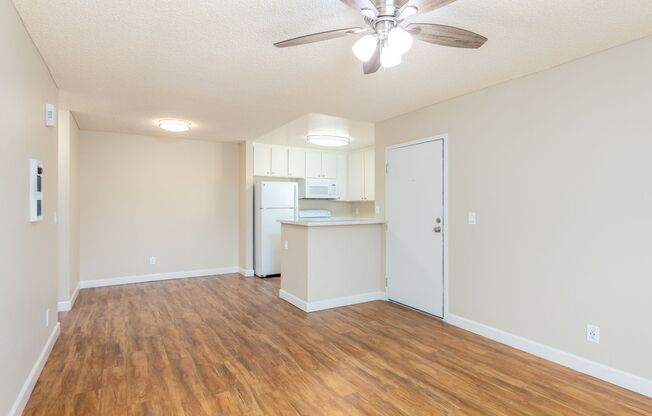 1 bed, 1 bath, 555 sqft, $1,795, Unit 49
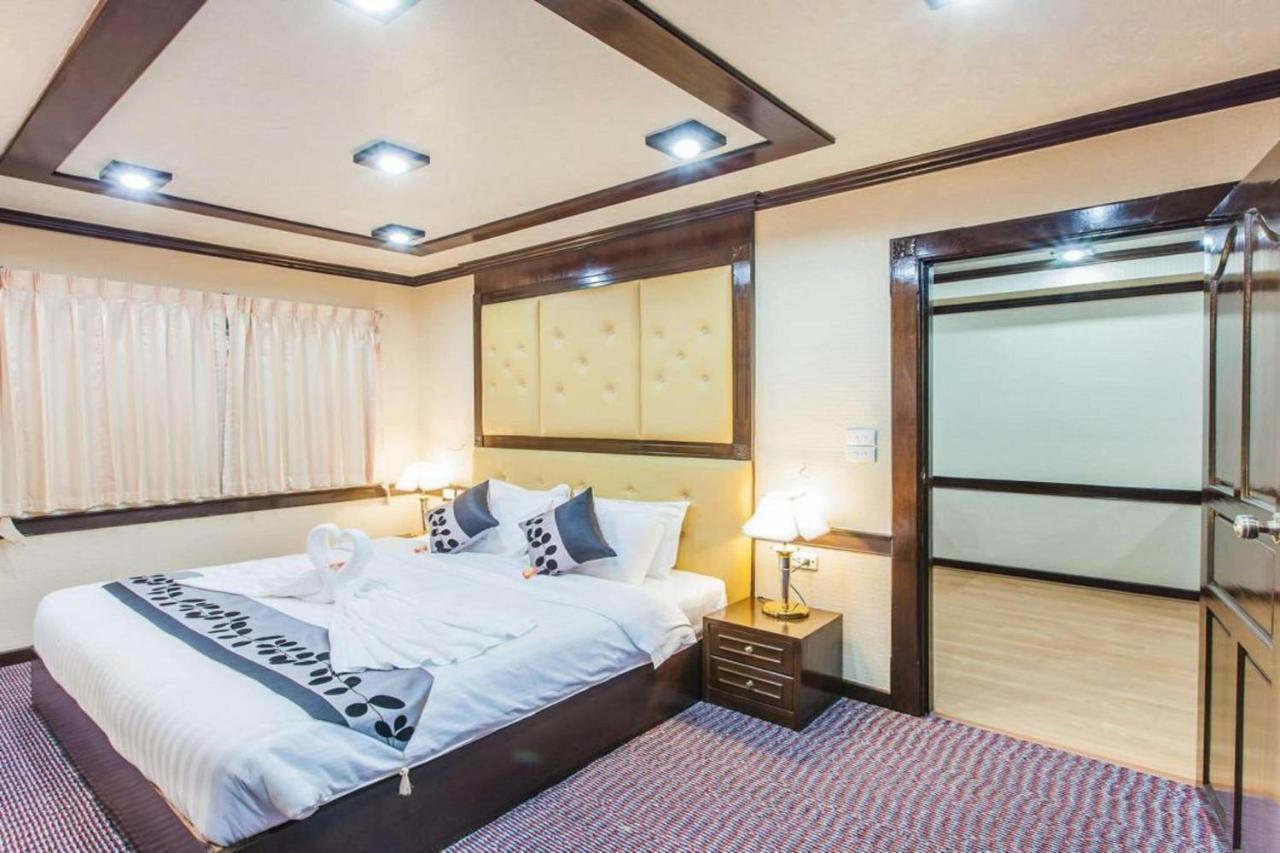 Oyo 796 Paradise Sukhumvit Hotel 방콕 외부 사진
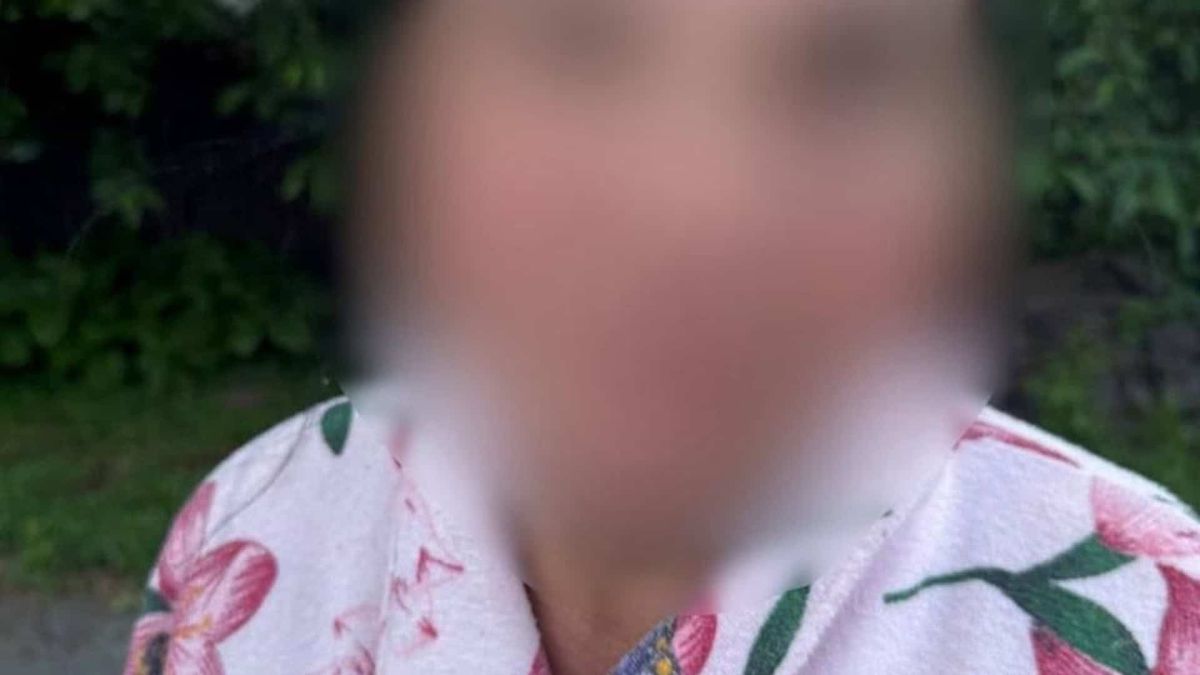 Поліцейські Київщини під час затримання 56-річної підозрюваної у вбивстві співмешканця у Яготині Бориспільського району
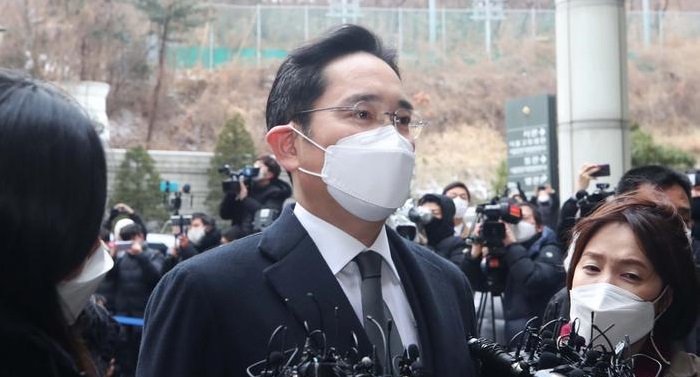 Samsungs Lee sentenced to 30 months in prison in corruption retrial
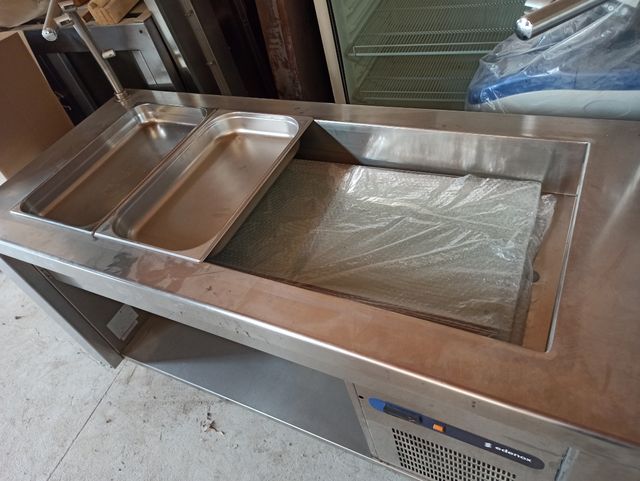 Mesa Fría, Buffet Autoservi ( Cúpula de Cristal )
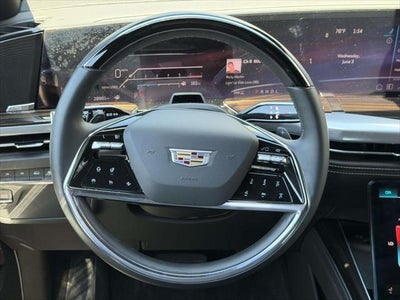 2025 Cadillac Escalade ESV 4WD Luxury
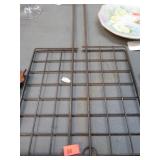 WIRE CAMPFIRE COOKING BASKET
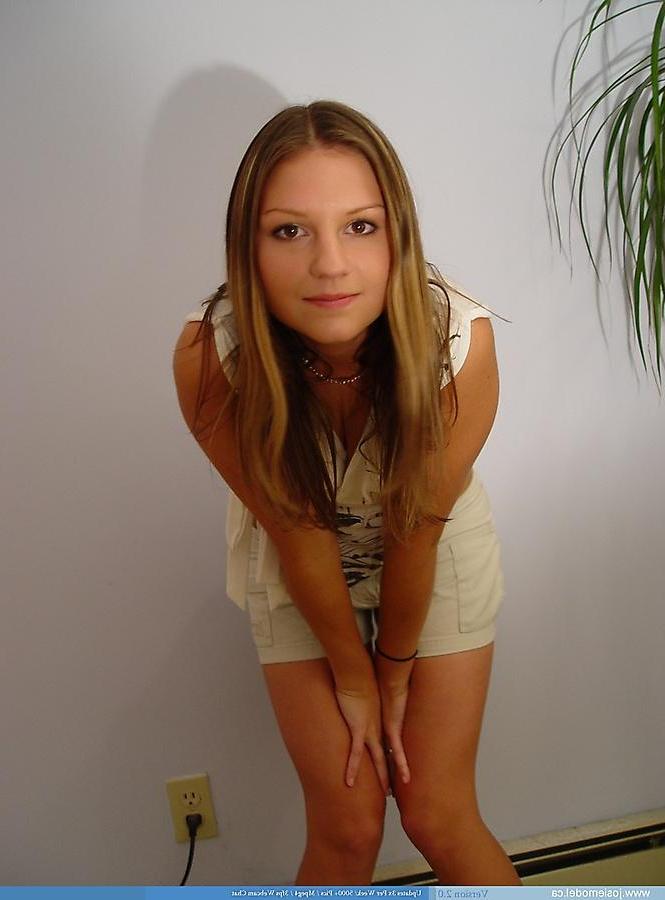 20P Pictures of Josie Model giving your cock a tease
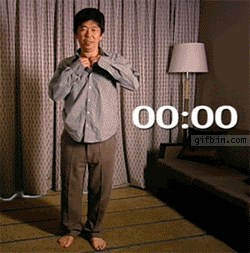 GIF: Je li moguće skinuti se u manje od 5 sekundi?!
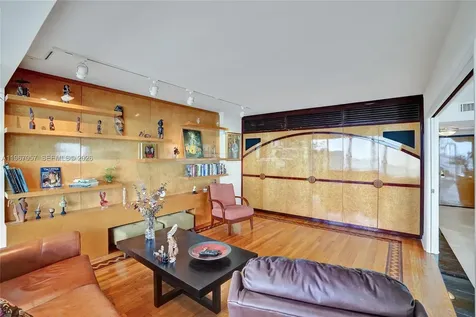 11113 Biscayne Boulevard Miami FL 33181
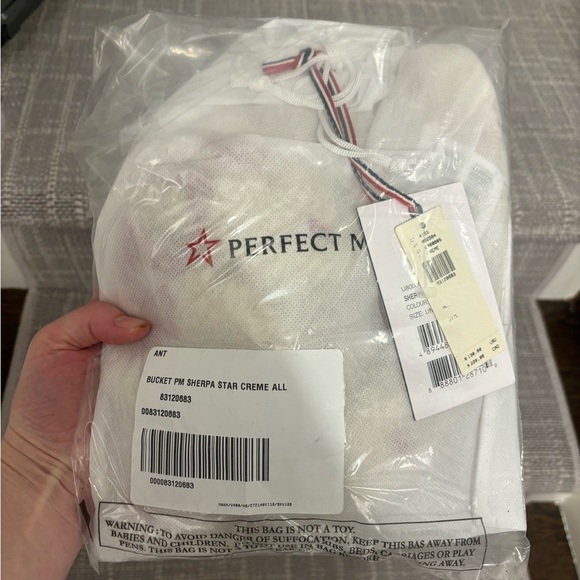 NWT Perfect Moment Sherpa Star Bucket Hat - Picture 4 of 4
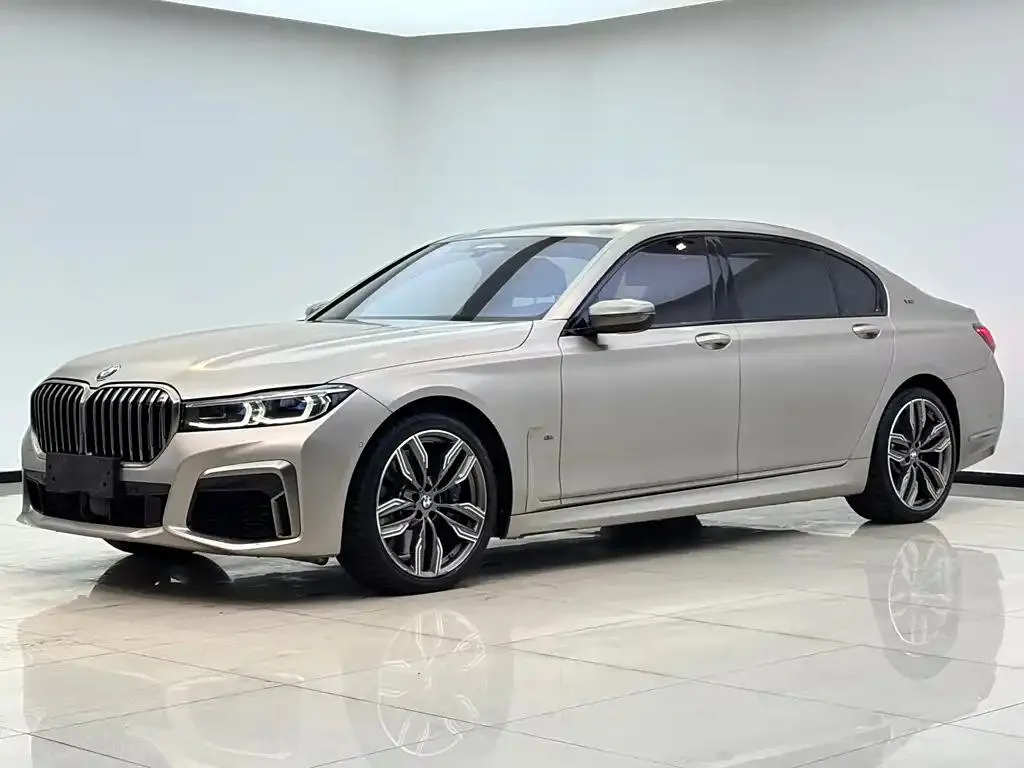 BMW BMW 7 Series — Champagne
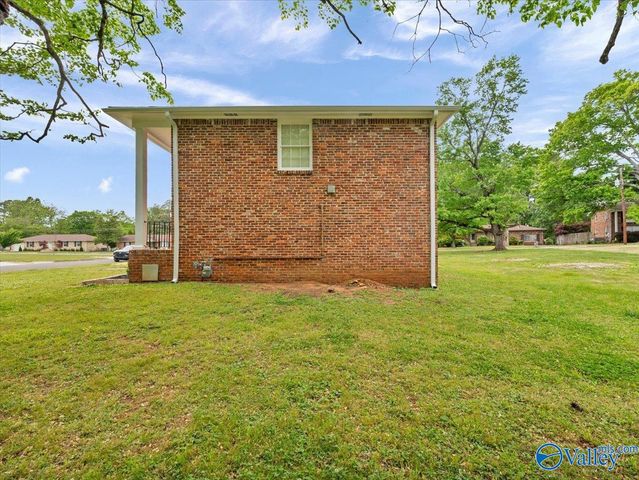 7700 Carlton Drive SW, Huntsville, AL 35802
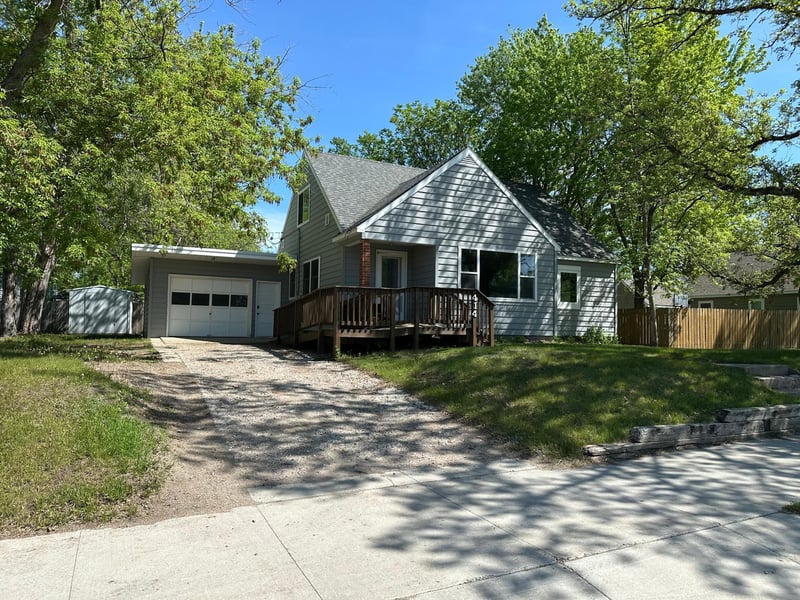 414 Willow St W, Detroit Lakes, MN 56501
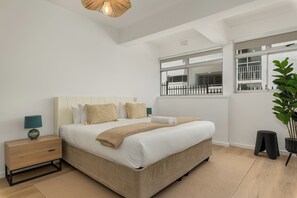 2 Schlafzimmer, Zimmersafe, Bügeleisen/Bügelbrett, Internetzugang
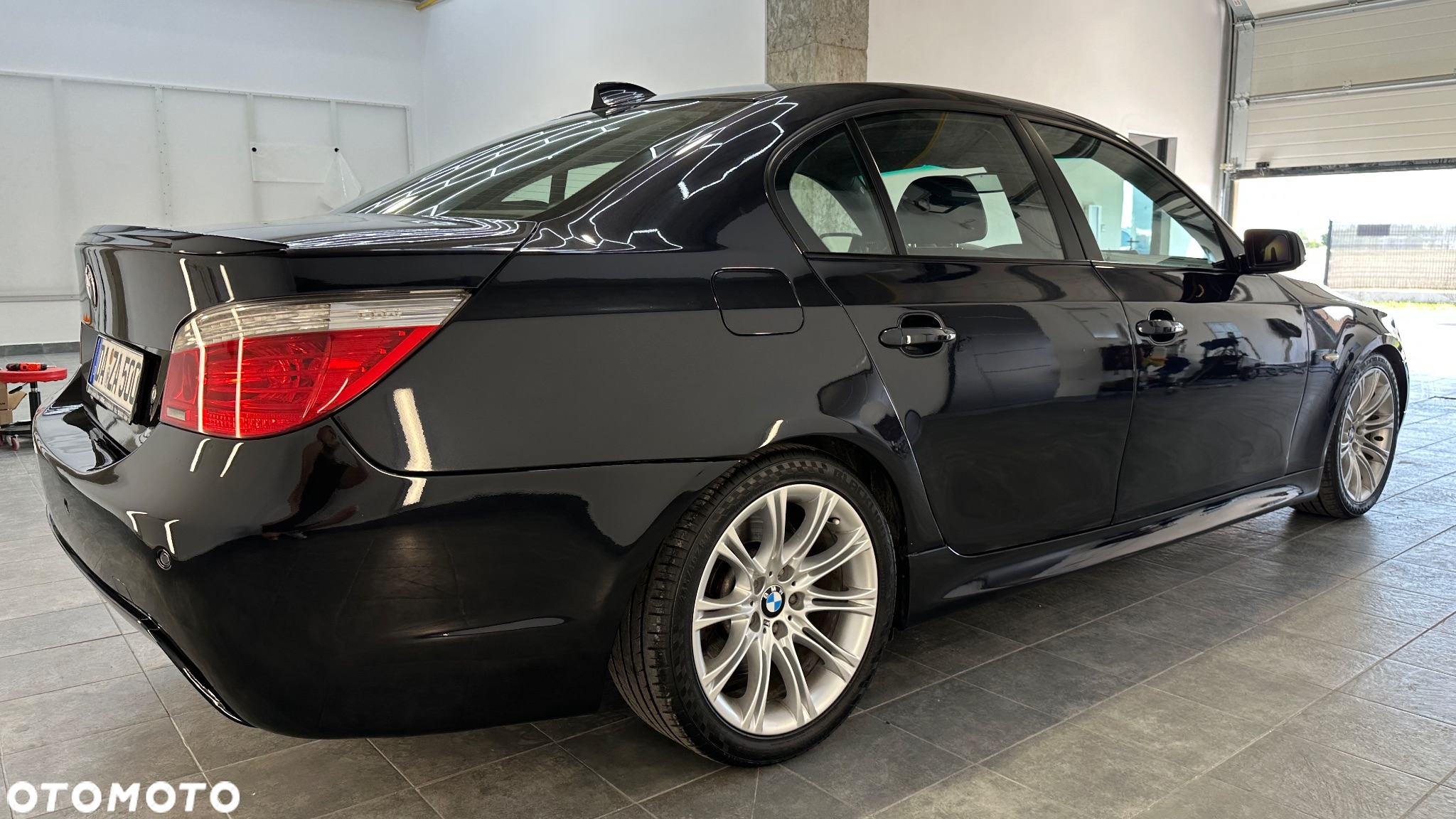 BMW Seria 5 535d - 26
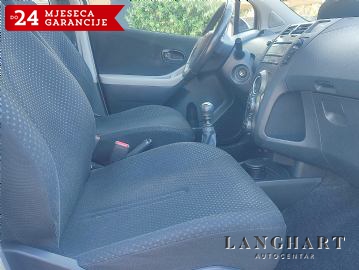 Toyota Yaris 1,33 VVT-i,HR-auto,1.vlasnik,Servisna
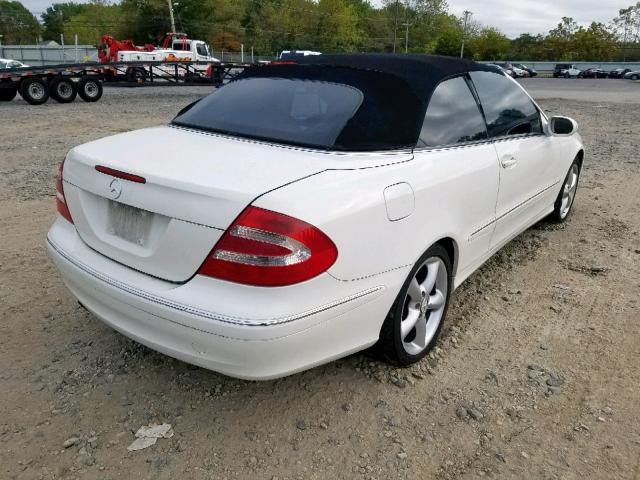 WDBTK65G65T045707 - 2005 MERCEDES-BENZ CLK 320 WHITE photo 4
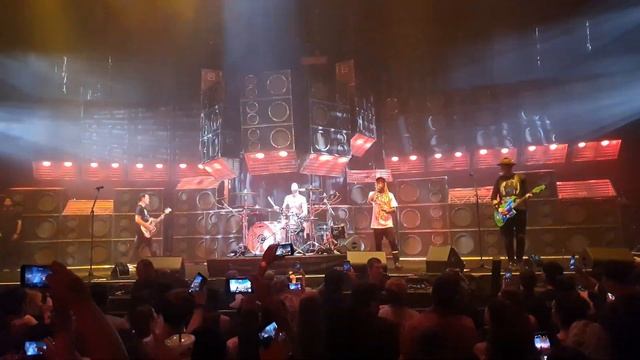 blink-182 & Lil Wayne - What's My Age Again? / A Milli - Live in Los Angeles, The Forum, 08/08/2019 смотреть онлайн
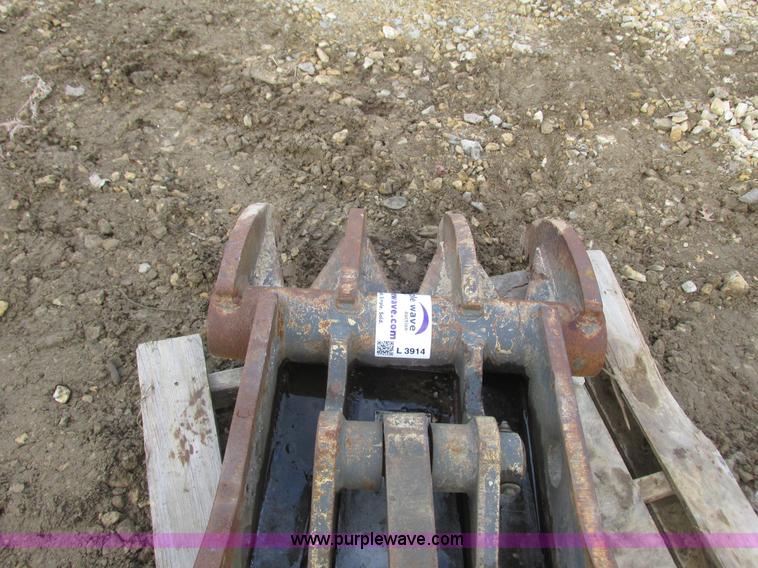 image for item L3914 ACS TXC225 excavator thumb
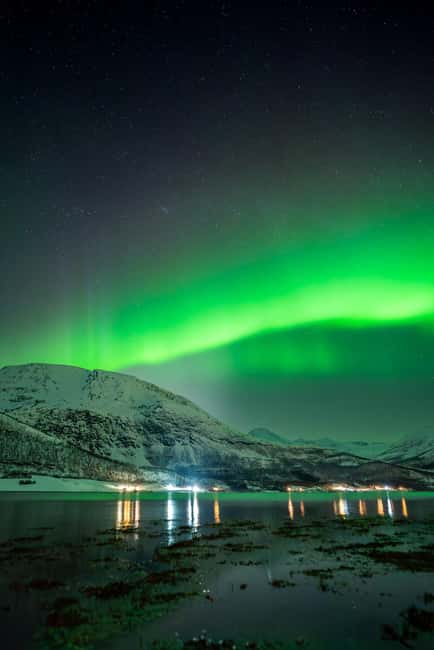 Tromsø: Northern Lights in a Minivan with Free Photos and a Hot Meal - Start Easy at Scandic Ishavshotel, Then Head Out Fast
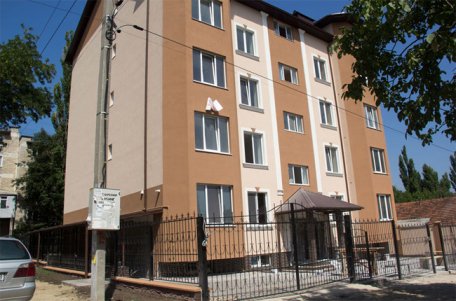 Șeful interimar al Direcției asistență socială din Chișinău se ocupă cu vânzarea apartamentelor Șeful interimar al Direcției asistență socială din Chișinău se ocupă cu vânzarea apartamentelor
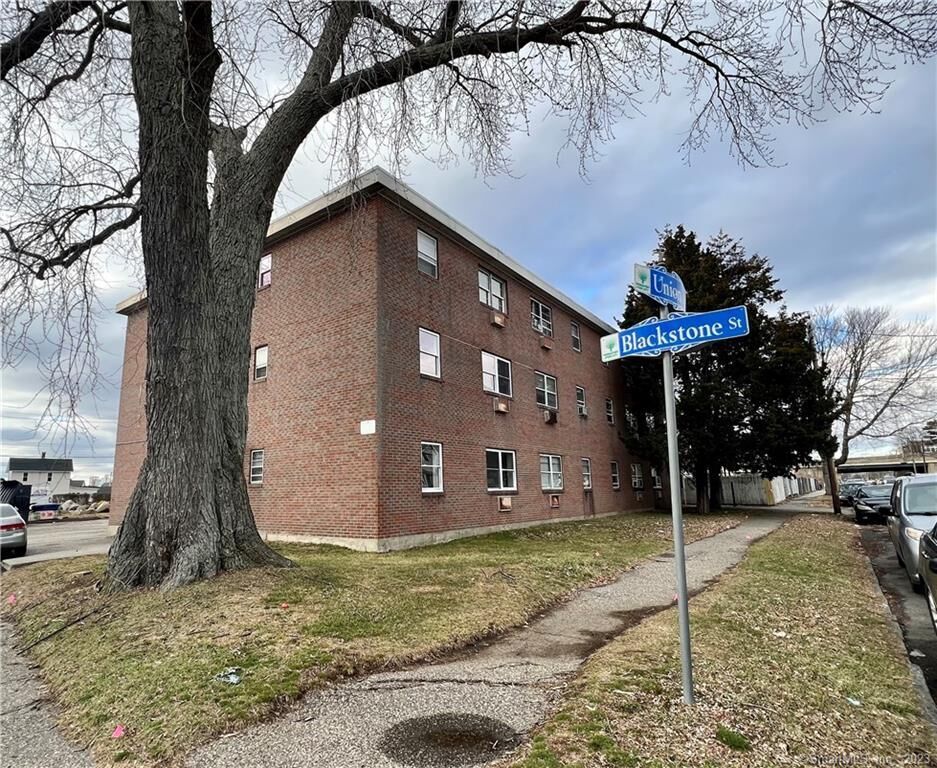 Property Photo:  85-87 Union Avenue A2  CT 06607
• • • • •
DIRECTIONS FOR THIS TASK:
Once the line containing "7700 Carlton Drive SW, Huntsville, AL 35802" is found, write it out exactly along with every line after it through the end of the listing, excluding pictures.

ANSWER TO THIS PROBLEM:
 7700 Carlton Drive SW, Huntsville, AL 35802
 414 Willow St W, Detroit Lakes, MN 56501
 2 Schlafzimmer, Zimmersafe, Bügeleisen/Bügelbrett, Internetzugang
 BMW Seria 5 535d - 26
 Toyota Yaris 1,33 VVT-i,HR-auto,1.vlasnik,Servisna
 WDBTK65G65T045707 - 2005 MERCEDES-BENZ CLK 320 WHITE photo 4
 blink-182 & Lil Wayne - What's My Age Again? / A Milli - Live in Los Angeles, The Forum, 08/08/2019 смотреть онлайн
 image for item L3914 ACS TXC225 excavator thumb
 Tromsø: Northern Lights in a Minivan with Free Photos and a Hot Meal - Start Easy at Scandic Ishavshotel, Then Head Out Fast
 Șeful interimar al Direcției asistență socială din Chișinău se ocupă cu vânzarea apartamentelor Șeful interimar al Direcției asistență socială din Chișinău se ocupă cu vânzarea apartamentelor
 Property Photo:  85-87 Union Avenue A2  CT 06607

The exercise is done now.